[Records drawn from a dataset]
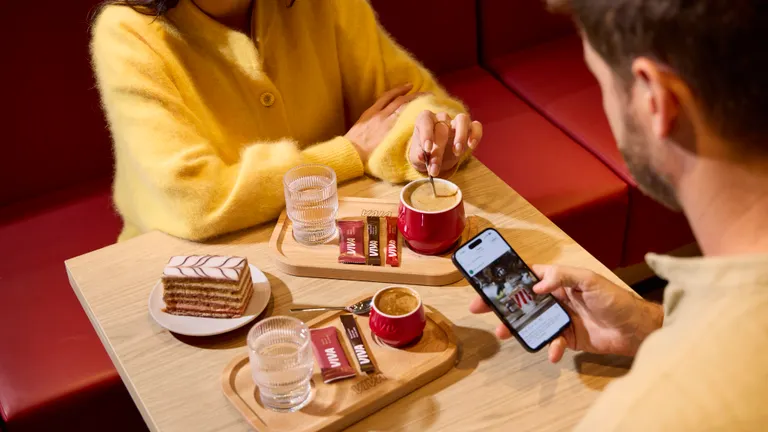 VIVA kávé kínálatához tartozó új bögrés kép. 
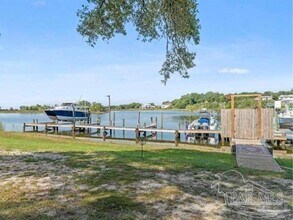 Building Photo - 300 Bayou Blvd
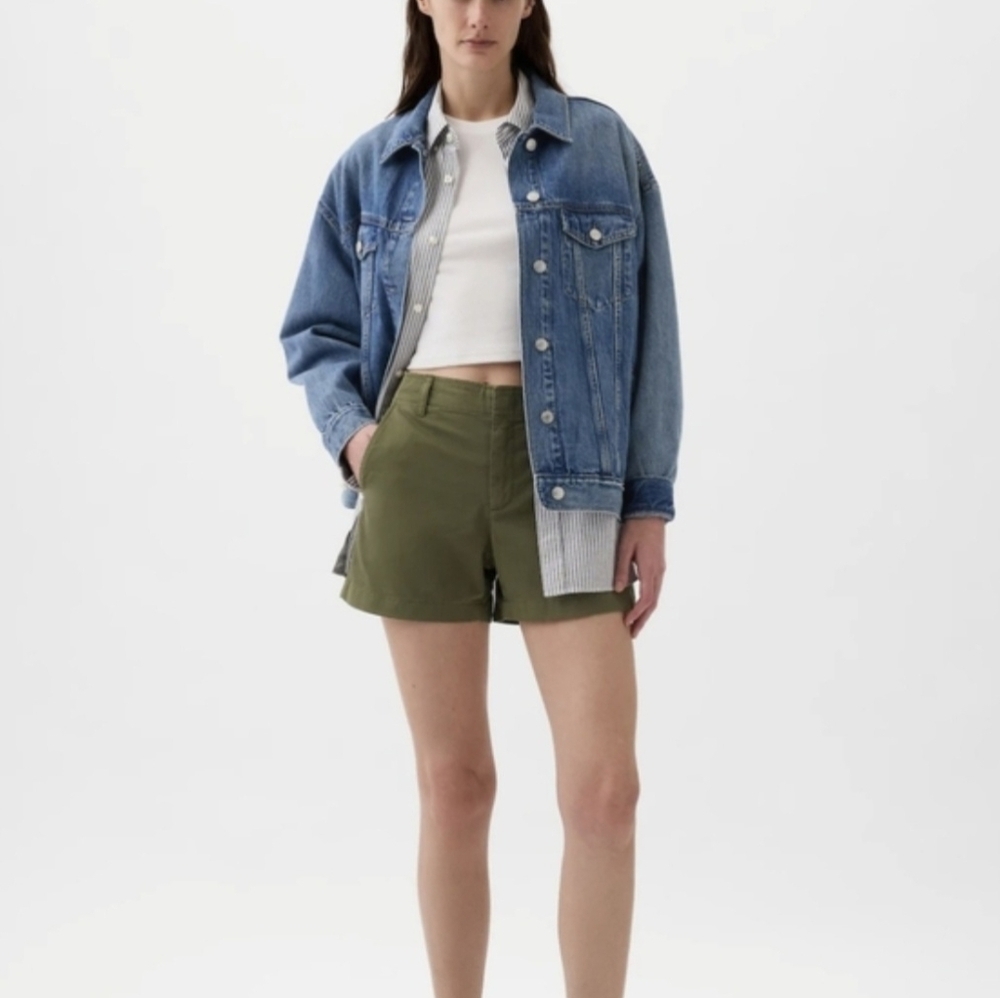 Gap 4" Downtown Khaki Shorts in Olive Green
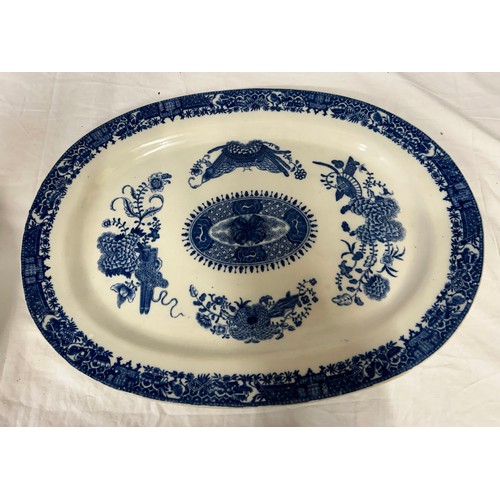 197 - Two early 19th century blue and white transfer printed platters, c. 1800. To include a large oval Fi... 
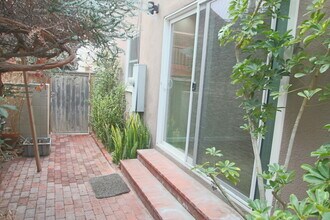 126 8th St, Unit B in Hermosa Beach, CA - Foto de edificio - Building Photo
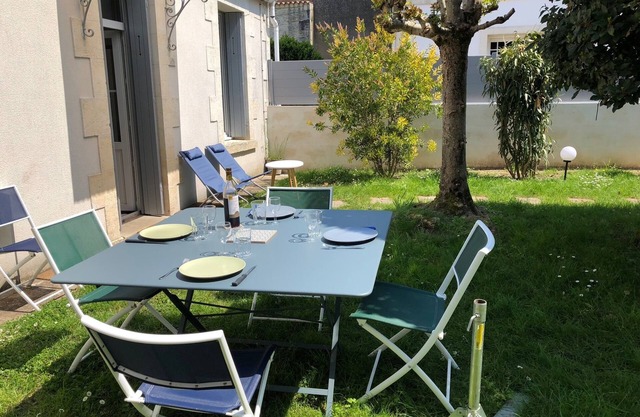renovated holiday home: St Georges de Didonne - ROYAN (dept 17) - France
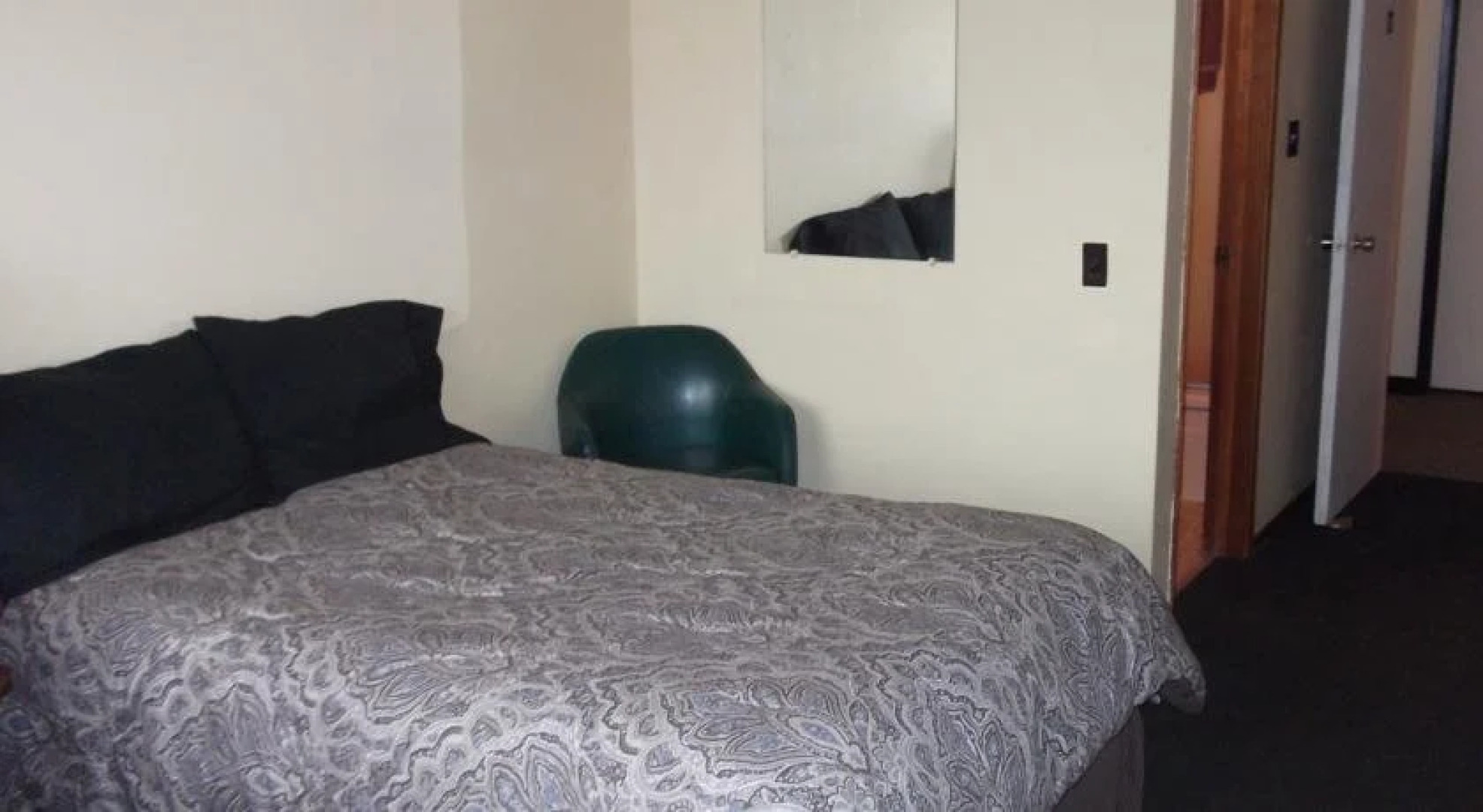 Quinsam Hotel & Hostel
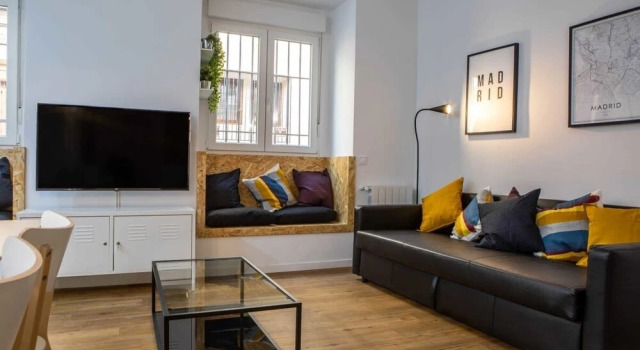 Charming & Modern 2bed in Madrid's City Center, Забронировать Отель Мадрид Провинция Мадрид, рядом с Дом-музей Лопе де Вега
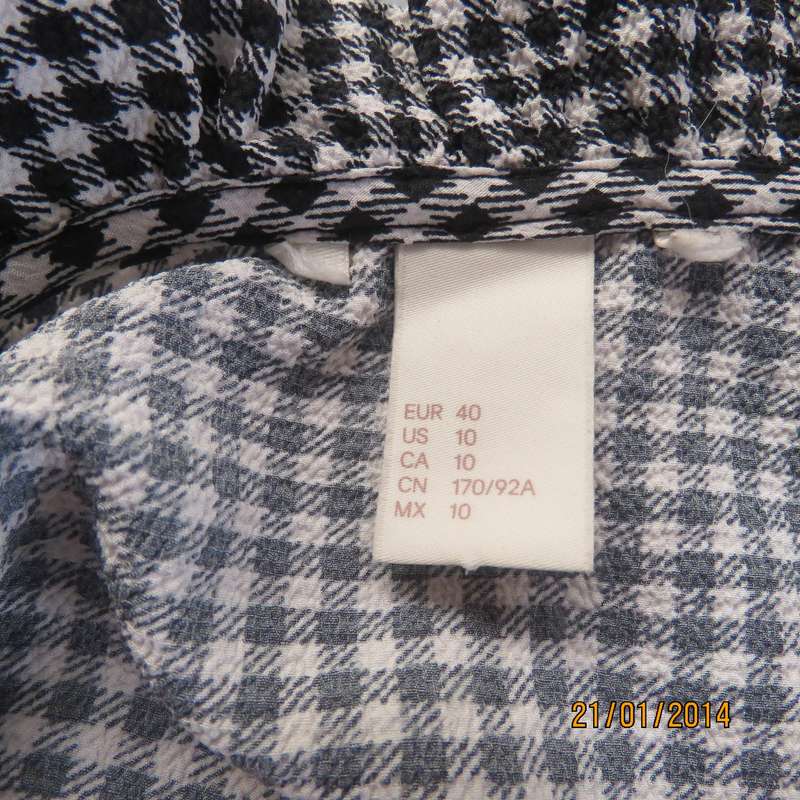 Gingham black-white check size 40 long sleeve stretch viscose dress.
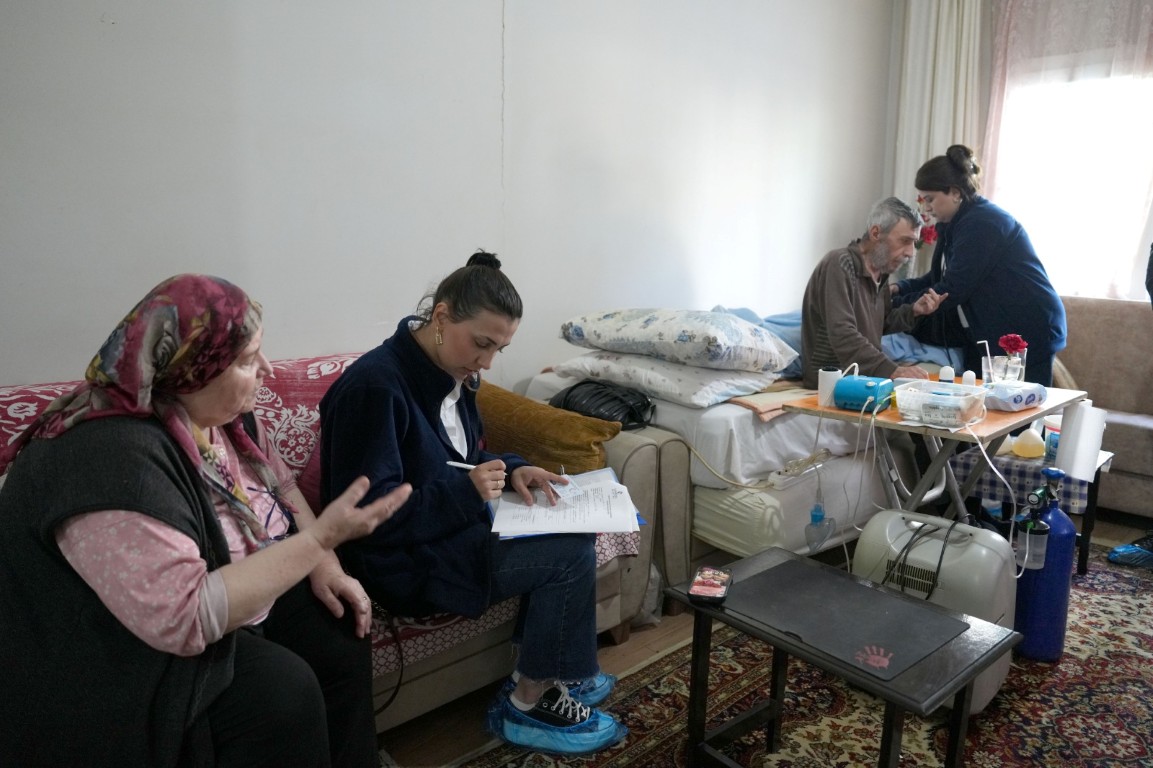 Çukurova Belediyesinden Evde Bakım ve Sağlık Hizmeti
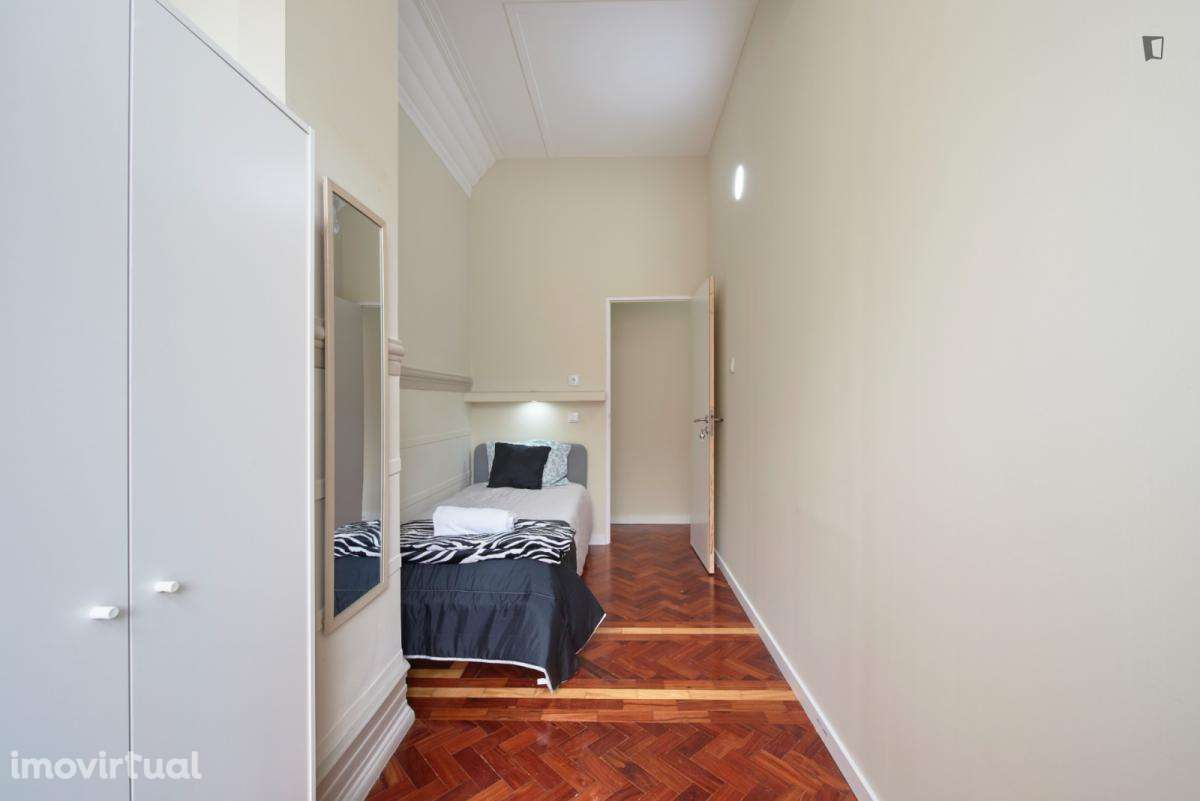 Quarto - localizado em Saldanha Lisbon - Grande imagem: 5/50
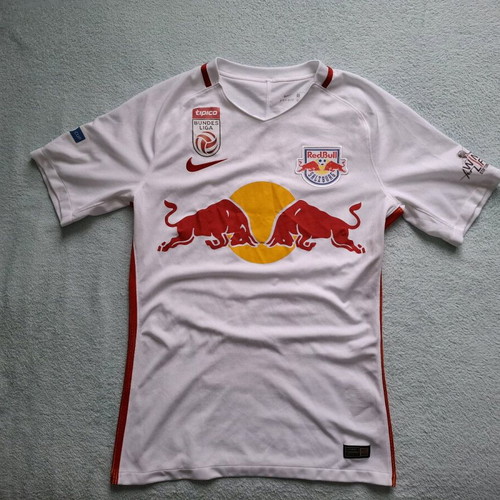 Φανέλα ποδοσφαίρου Red Bull Salzburg 2016 home νέα, #77 Oberlin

▸ To do:
Starting at the line above with "Building Photo - 300 Bayou Blvd", output every line exactly up to and including the line with "126 8th St, Unit", but none of the pictures.

▸ Completed exercise:
 Building Photo - 300 Bayou Blvd
 Gap 4" Downtown Khaki Shorts in Olive Green
 197 - Two early 19th century blue and white transfer printed platters, c. 1800. To include a large oval Fi... 
 126 8th St, Unit B in Hermosa Beach, CA - Foto de edificio - Building Photo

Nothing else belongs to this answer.